Al suo centro una fontana gorgogliava sommessa, e dietro di essa, una sagoma nera torreggiava oltre la linea dei soffitti.
Il Liante più mastodontico che l'inquisitore avesse mai visto, tanto che avrebbe fatto sembrare piccoli ed innocui i più grandi protettori della Sacra Valle, montava la guardia sulla vasta piazza.
Lasciò insieme a lui quelli che furono i Guardiani di Nolwe, mentre il Moriquendi apriva la via segreta verso il sottosuolo, ad un più profondo livello.
Atalante percepì la discesa, come l'aria si faceva più umida e gelida.
Giunsero in fine a delle catacombe, immerse nelle tenebre.
Là depositarono gli scrigni ricolmi di libri ed oggetti sacri, ed il Moriquendi dichiarò che quel luogo tetro ed isolato, come l'inquisitore aveva richiesto, sarebbe stato da quel momento in avanti la dimora sua e di Elistraee, almeno sino a quando ella non fosse stata pronta.
Atalante misurò con soddisfazione l'ambiente, non sarebbe stato sufficiente ad ospitare l'immenso Nido che egli si figurava, ma s'avvide dal dirlo... Del resto le ampie volte della caverna sovrastante non erano poi molto distanti, e chissà quante altre uova, e quale smisurato esercito, sarebbero potuti crescere, nei domini dell'impero Drow.
Congedato il Moriquendi, l'inquisitore si mise a sedere dinanzi un sarcofago e chiuse gli occhi.
Elistraee lo raggiunse e si adagiò accanto a lui, posando docilmente il capo sul suo grembo.
Con una carezza ed un sorriso amorevole, l'accompagnò nel sonno, mormorando alla sua mente del destino e della grandezza che la attendevano.
"Dormi Figlia Mia, e sogna del tempo in cui i mari saranno neri e la vita soffocherà.
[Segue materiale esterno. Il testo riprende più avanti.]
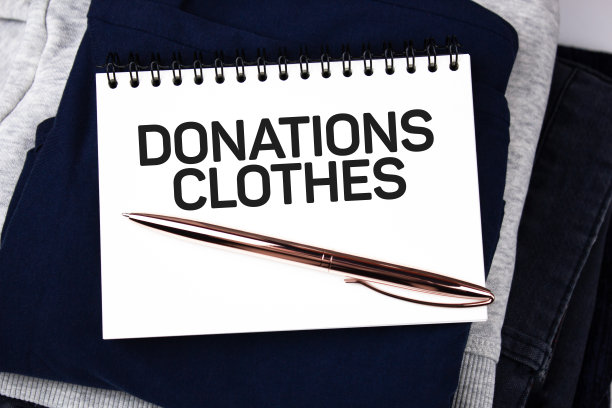 捐赠衣服——放在一堆衣服上的笔记本上的文字。图片下载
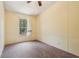 Empty bedroom with carpeted floors, ceiling fan and natural light at 300 Carol Ann Dr, Edgewater, FL 32132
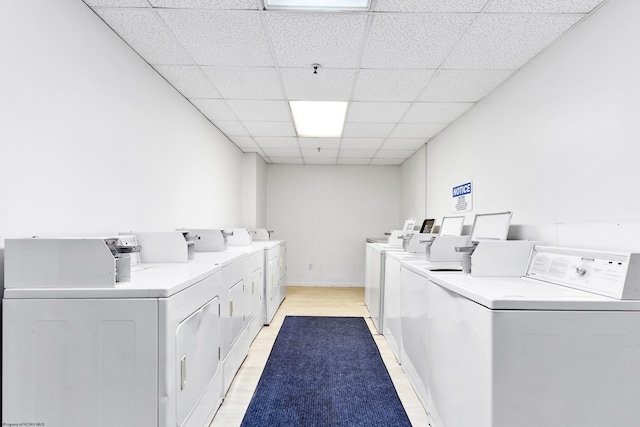 laundry room featuring light wood-type flooring and washer and clothes dryer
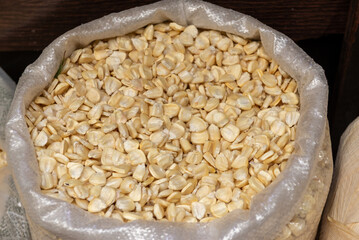 A close-up shot of white hominy kernels inside a plastic bag at market stall.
Sogna cieli cremisi, ove l'aquila non può più librarsi.
Sogna il tempo del Dolore, quando la speranza sarà consumata, e le bugie dei ciechi taciute.
Sogna il tuo Nero Sciame, banchettare sui resti di ciò che Arda fu, poiché da quelle spoglie ogni cosa risorgerà nel Suo Volere, e sarà finalmente... Pace."